6

My input has a mix of tabs and spaces for readability. I want to modify a field using perl -a, then print out the line in its original form. (The data is from findup, showing me a count of duplicate files and the space they waste.) Input is:

2 * 4096    backup/photos/photo.jpg photos/photo.jpg
2 * 111276032   backup/books/book.pdf book.pdf

The output would convert field 3 to kilobytes, like this:

2 * 4 KB    backup/photos/photo.jpg photos/photo.jpg
2 * 108668 KB   backup/books/book.pdf book.pdf

In my dream world, this would be my code, since I could just will perl to automatically recombine @F and preserve the original whitespace:

perl -lanE '$F[2]=int($F[2]/1024)." KB"; print;'

In real life, joining with a single space seems like my only option:

perl -lanE '$F[2]=int($F[2]/1024)." KB"; print join(" ", @F);'

Is there any automatic variable which remembers the delimiters?
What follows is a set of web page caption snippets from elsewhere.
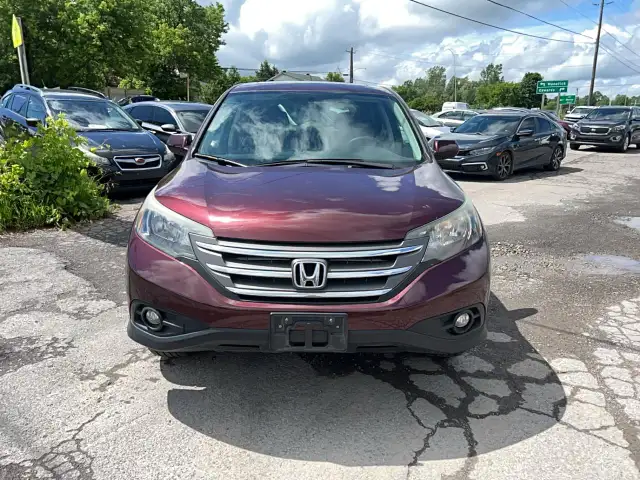 2014 Honda CR-V EX
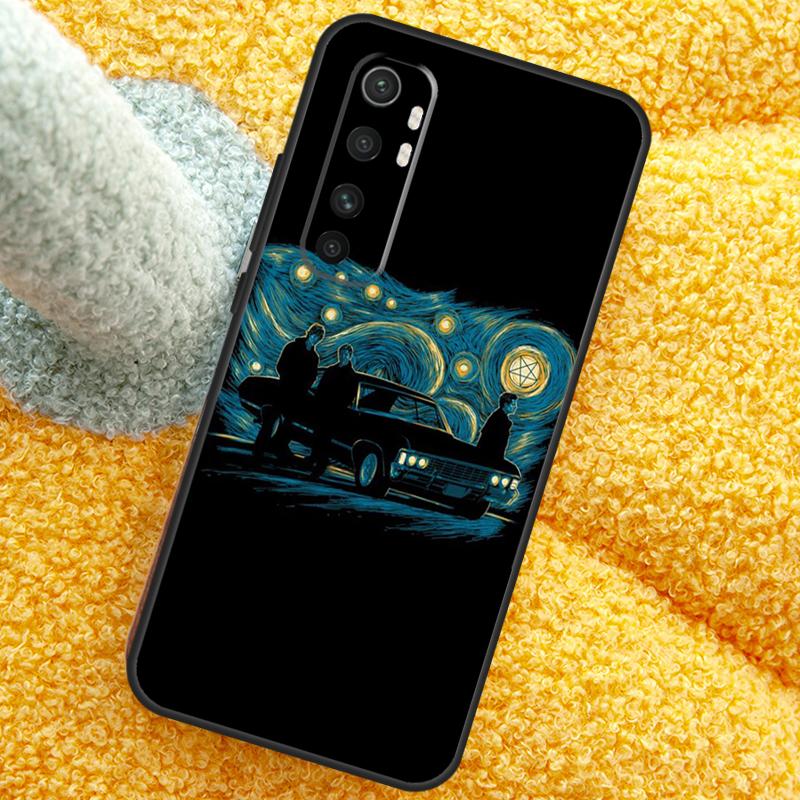 Сверхъестественный чехол для Xiaomi 13T 14T 15T 14 15 Ultra 17 Pro Max Чехол для POCO F8 F7 X7 Pro F5 F6 X5 X6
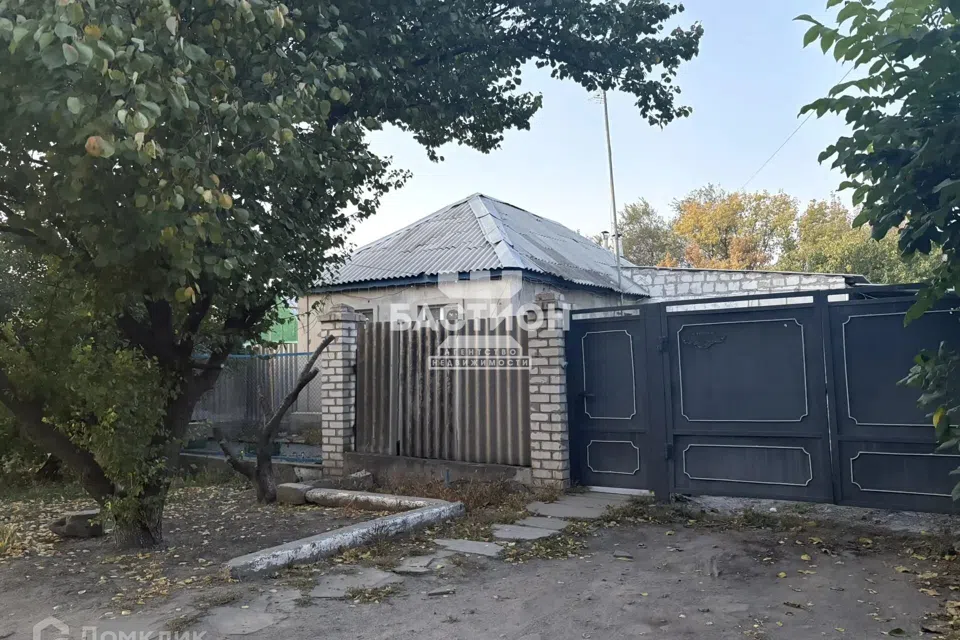 Продаётся 1-этажный дом, 50 м²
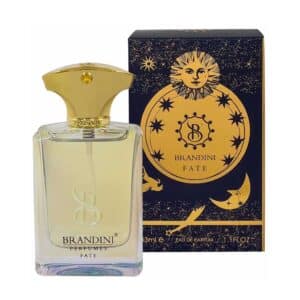 عطر جیبی مردانه برندینی مدل Fate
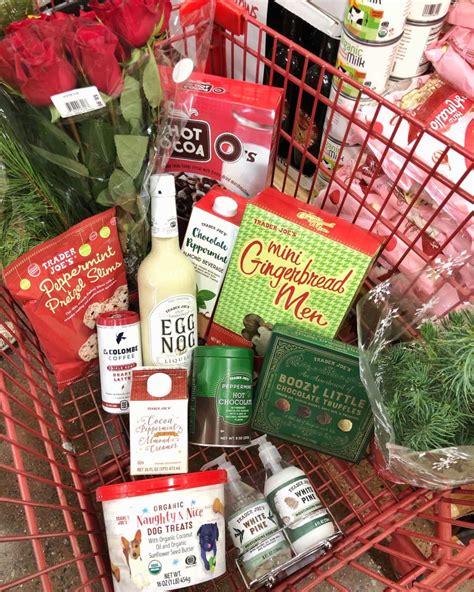 Trader Joes Holiday T Guide Trader Joes Last Minute Ts Under 20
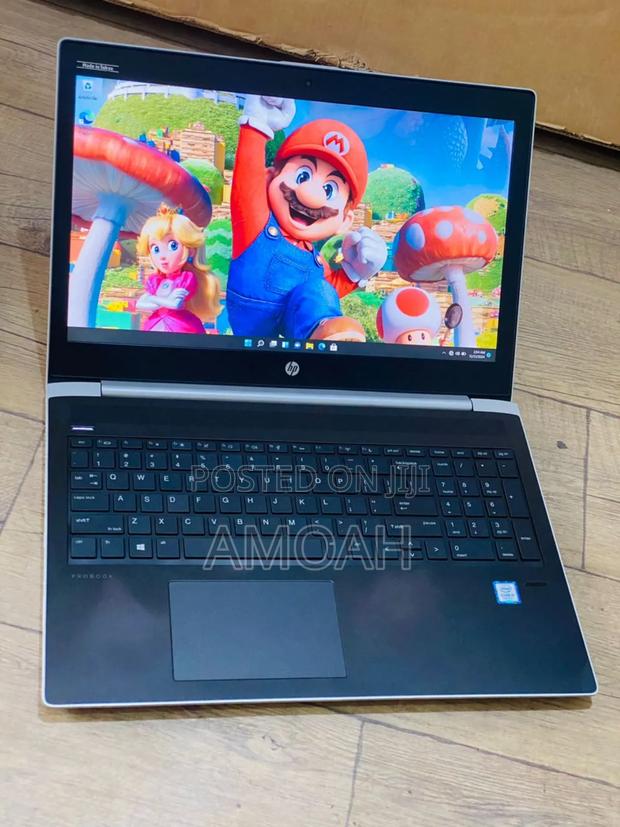 Laptop HP ProBook 450 G5 16GB Intel Core I5 HDD+SSD 1.5T · Photo 4
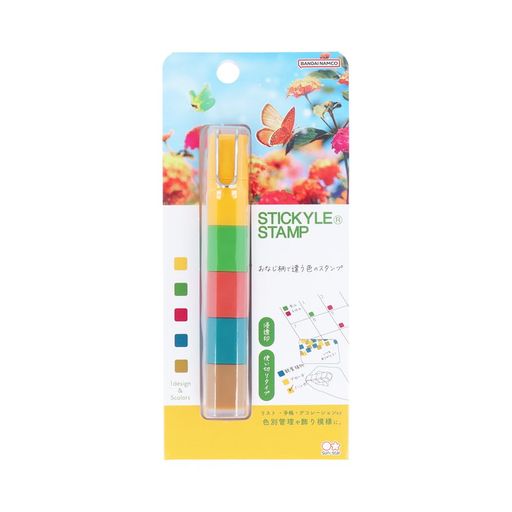 乐天商城 - サンスター文具(Sun-StarStationery)スタンプ水性浸透印迷いの森に誘われてS3222993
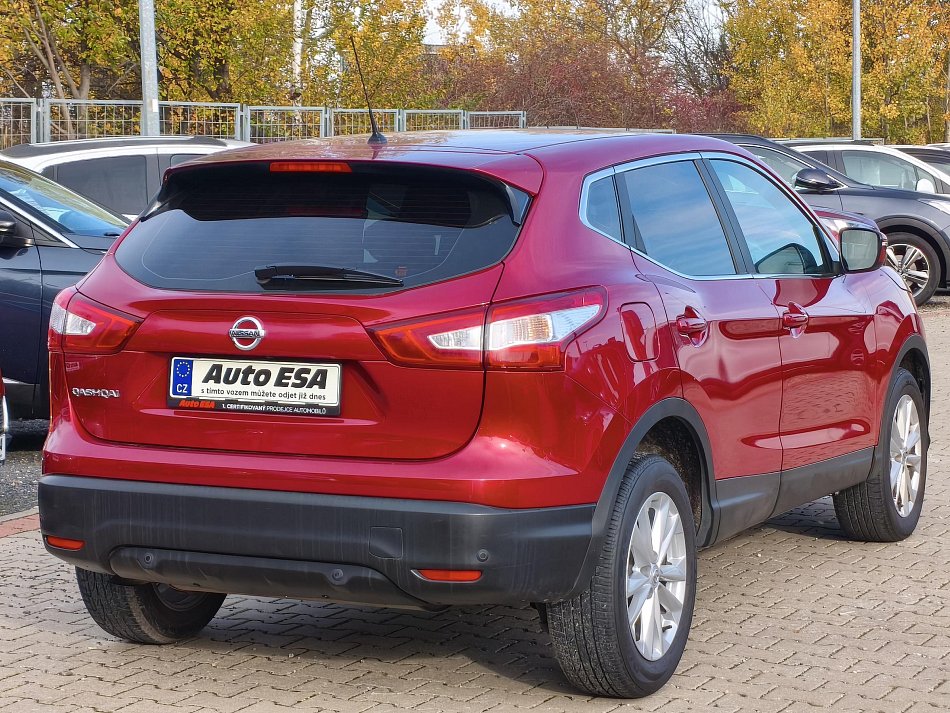 Nissan Qashqai 1.2 DiG-T Acenta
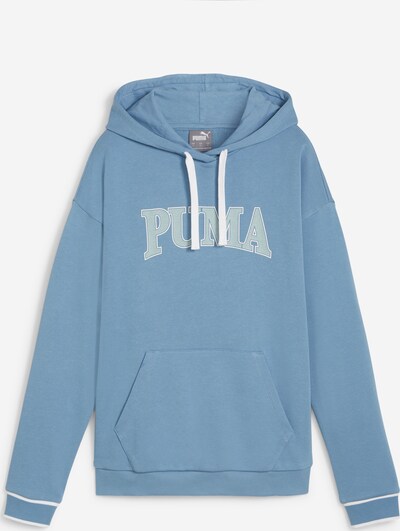 PUMA Sweatshirt in Light blue / White, Item view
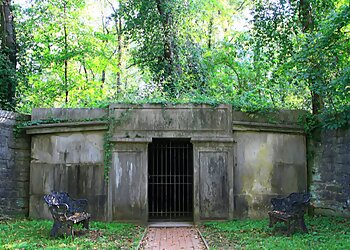 Nashville Landmarks Belle Meade Historic Site & Winery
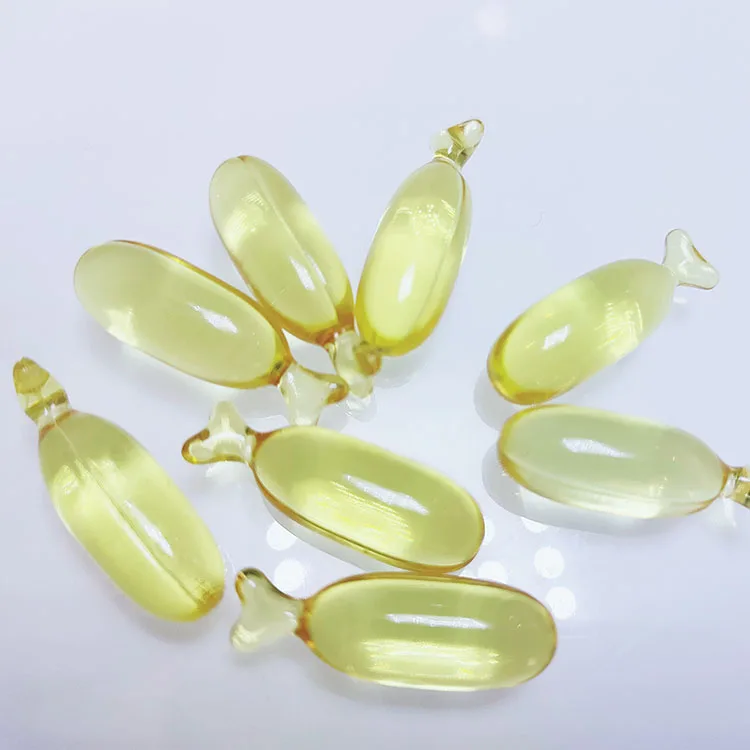 vitamin e soft gel capsules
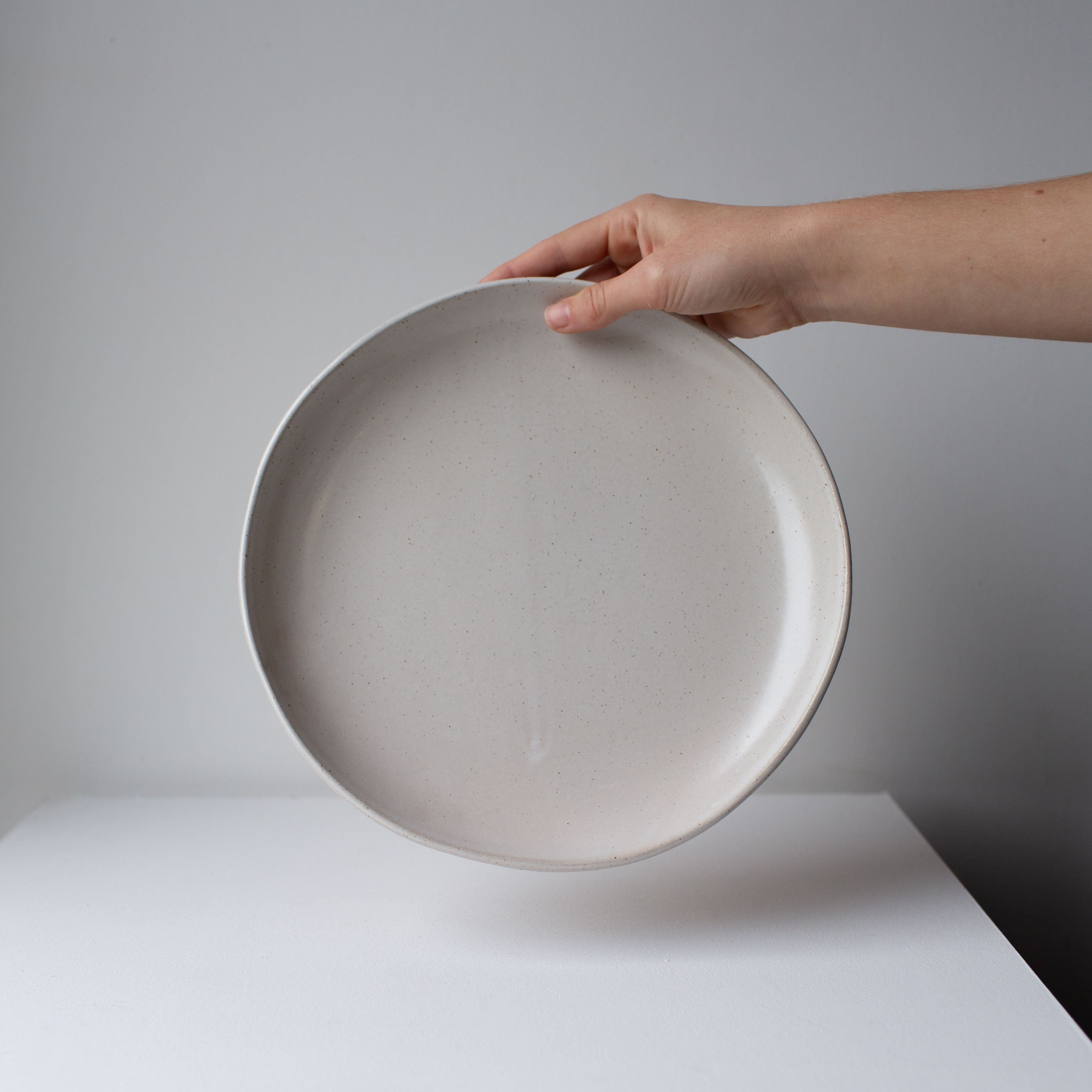 Lil Ceramics. Everyday Large Plate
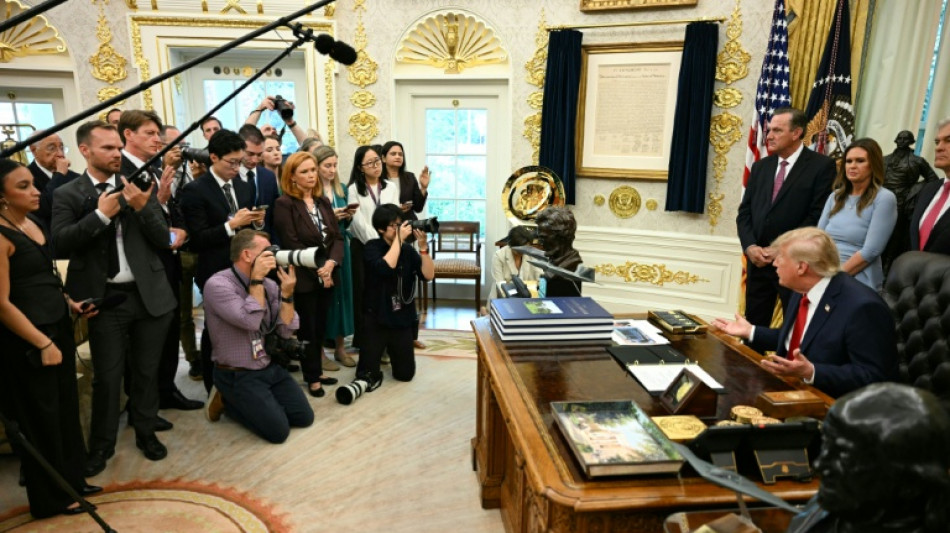 CNN, MS Now, Politico urge judge to extend White House access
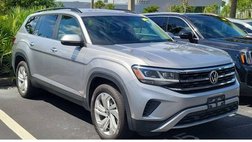 2021 Volkswagen Atlas V6 SE 4Motion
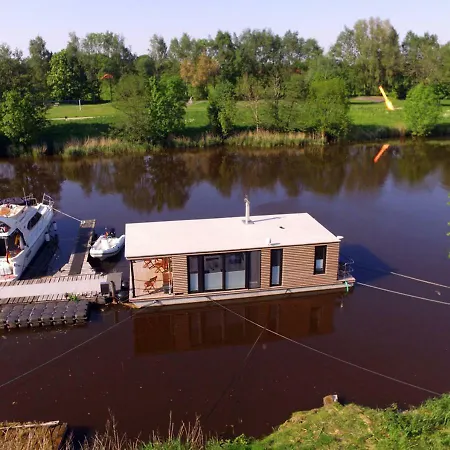 Hausboot Nordsee Wilhelmshaven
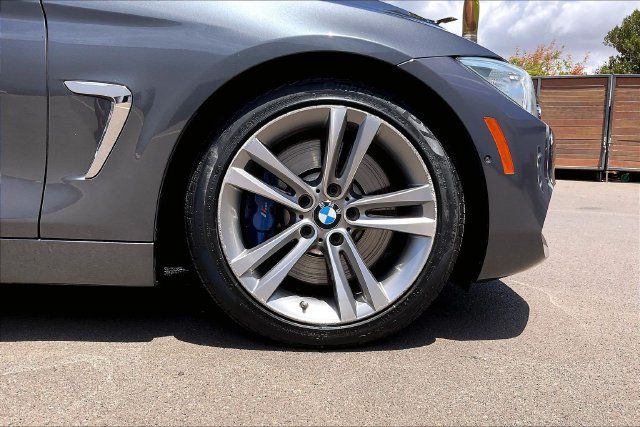 Used 2015 BMW 435i Coupe RWD image 9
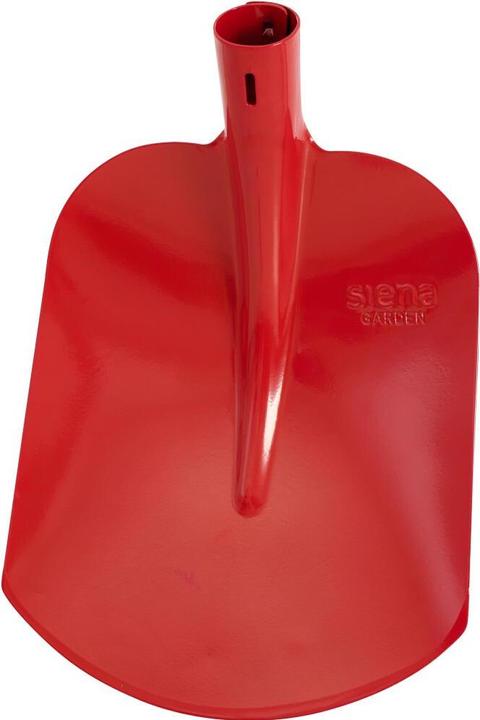 Actual product image Siena Garden Holländer sand shovel without handle 3/4 size 2 red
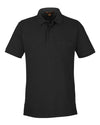Harriton M205P Men's Valiant Cotton Snag Protect Pocket Polo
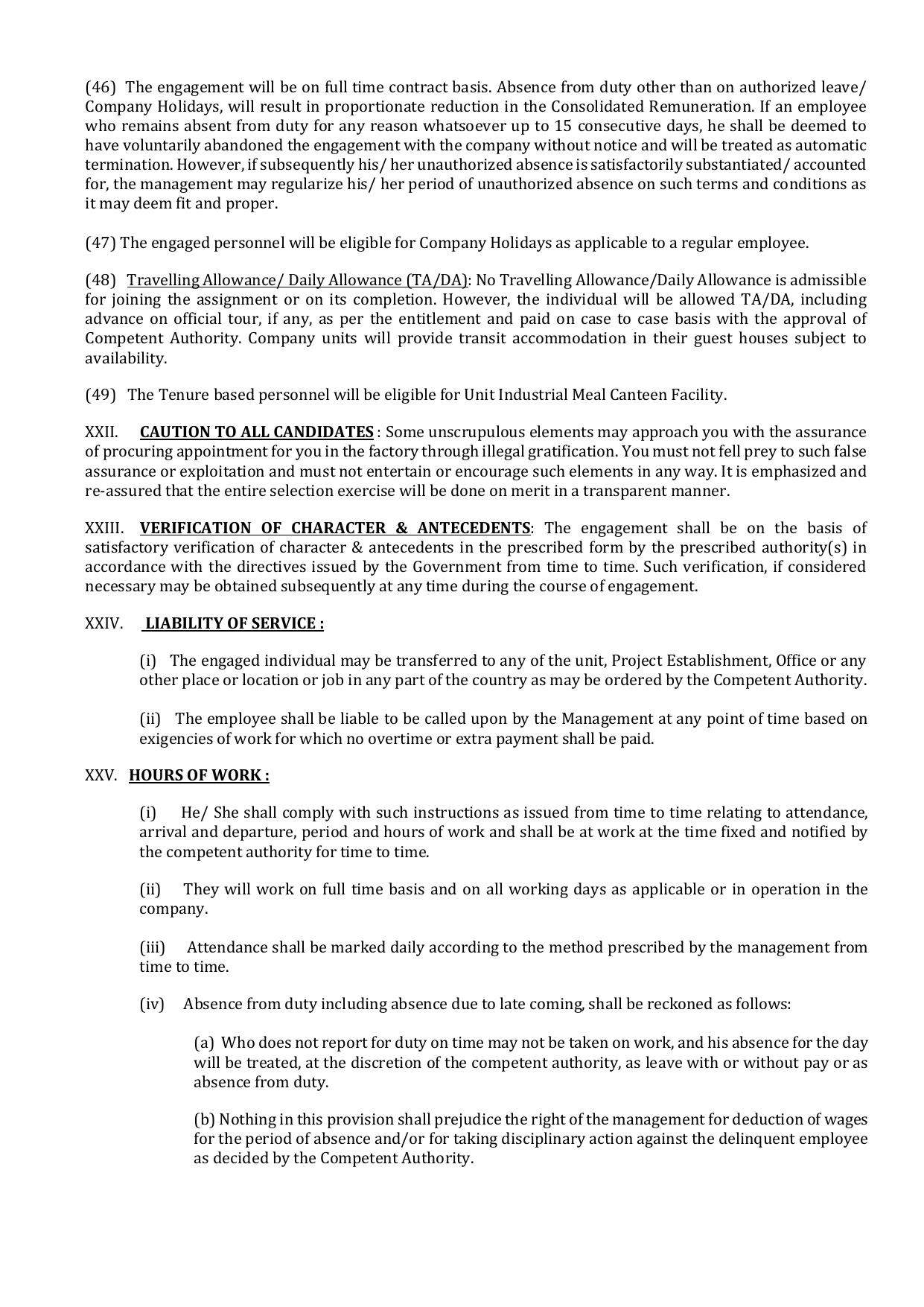 India Optel Limited Recruitment 2026 - 149 Project Technicia, Apply Online @ ddpdoo.gov.in - Page 10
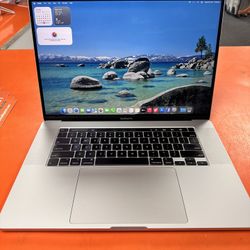 Apple MacBook Pro 16 “ 2019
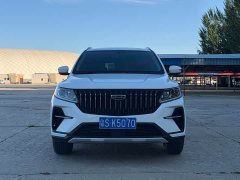 Geely Emgrand X6 2021 PRO 1.4T Automatic Luxury - ფოტო 2
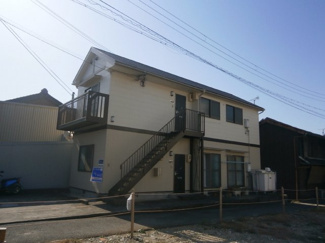 【外観】 | ハイツ坂口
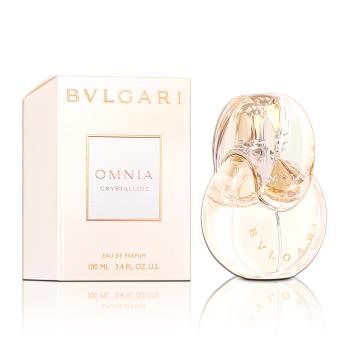 BVLGARI 寶格麗 晶澈女性淡香精 100ML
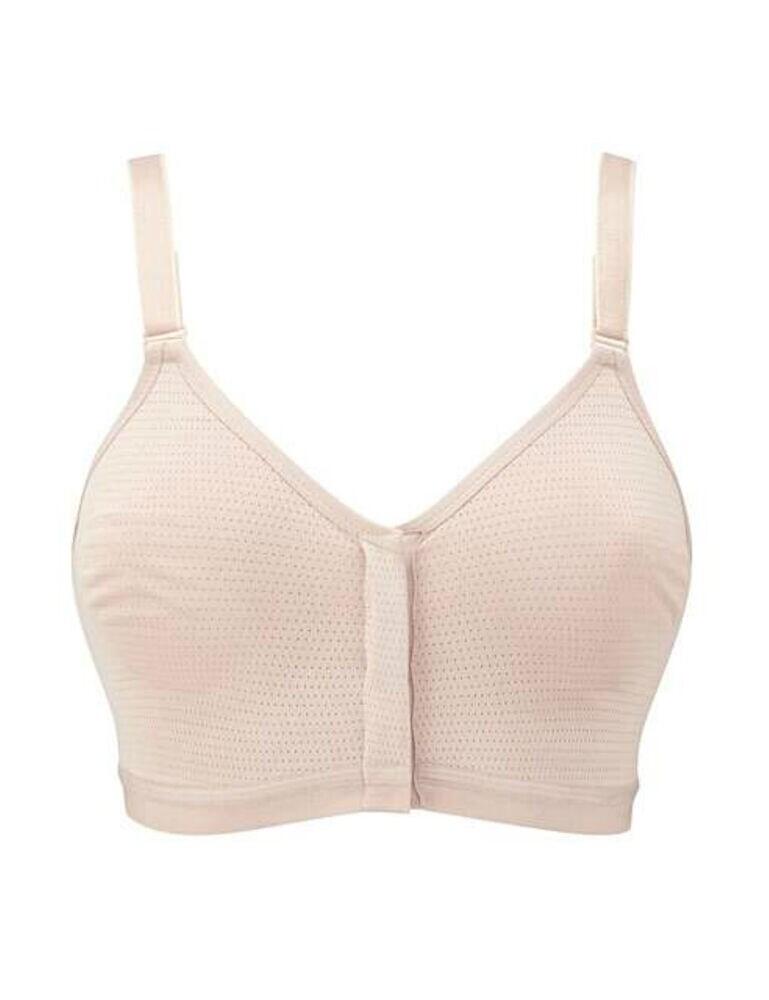 Royce Silver Post Surgery Bra - Belle Lingerie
If I had a magic array like that, the code would be:

perl -lanE 'BEGIN{use List::Util "reduce";} $F[2]=int($F[2]/1024)." KB"; print reduce { $a . shift(@magic) . $b } @F;'
piojo
  • 6,351
  • 1
  • 26
  • 36

2 Answers2

9

No, there is no such magic object. You can do it by hand though

perl -wnE'@p = split /(\s+)/; $p[4] = int($p[4]/1024); print @p' input.txt

The capturing parens in split's pattern mean that it is also returned, so you catch exact spaces. Since spaces are in the array we now need the fifth field.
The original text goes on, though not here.